Election day jammed California citizens into an untenable position: Proposition 57 releases violent criminals for budgetary reasons, while Proposition 63 drastically restricts residents’ ability to defend themselves.
This feature appears in the January ‘17 issue of NRA America’s 1st Freedom, one of the official journals of the National Rifle Association.
Last November, the American electorate stunned the press and coastal elites when we chose Donald Trump as our 45th president. While half the country celebrated the conservative sweep of the federal government—and Trump signaled his desire to represent people of all political stripes to truly make America stronger—citizens in some areas of our nation actually became more vulnerable.
In particular, Californians face a bleaker and more dangerous future with the passage of ill-advised state ballot initiatives—two of which will likely work in tandem to increase crime rates and endanger law-abiding citizens, according to law enforcement officials.

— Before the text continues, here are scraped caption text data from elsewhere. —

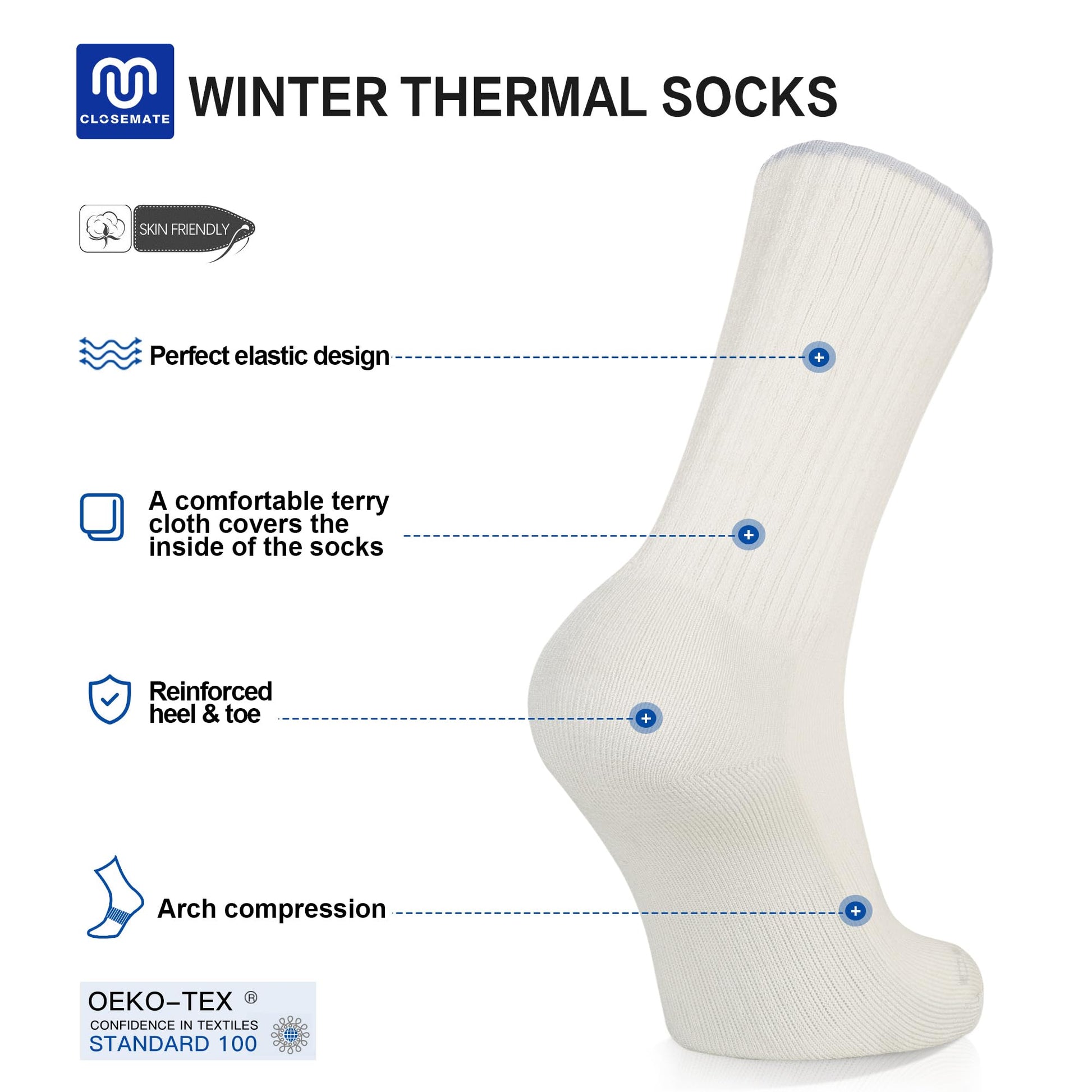 Closemate Thick Thermal Socks (5 - Pairs) - Purcell's Clothing Company - 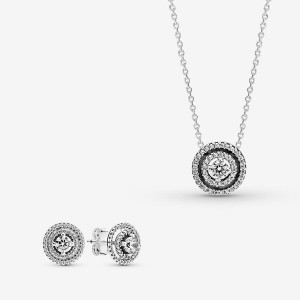 Sterling Silver Pandora Necklace & Earring Sets | GLFJ87426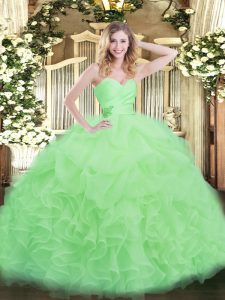 Floor Length Lace Up 15 Quinceanera Dress Apple Green for Military Ball and Sweet 16 and Quinceanera with Beading and Ruffles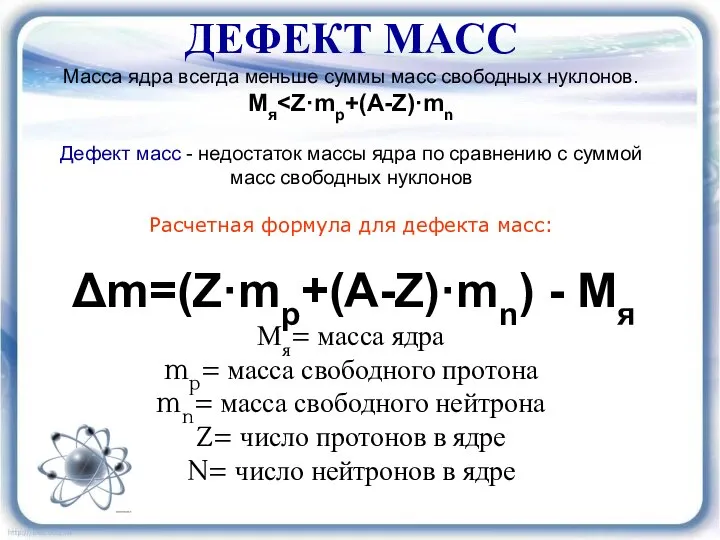 ДЕФЕКТ МАСС Масса ядра всегда меньше суммы масс свободных нуклонов. Мя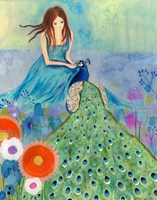 Peacock Garden Fine Art Print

The first—Proposition 57, authored by Gov. Jerry Brown—seems at first blush to reveal a seemingly logical, practical and even kind-hearted change intended to slow the ballooning prison population of “non-violent” offenders by reducing their sentences for good behavior. According to the voter guide, the initiative was endorsed by “California public safety leaders and victims of crime.” The language is nebulous, to be sure, but is worded so as to inspire a typical voter to simply trust those presumably authoritative “leaders” or heart-wrenching “victims” and vote “Yes.”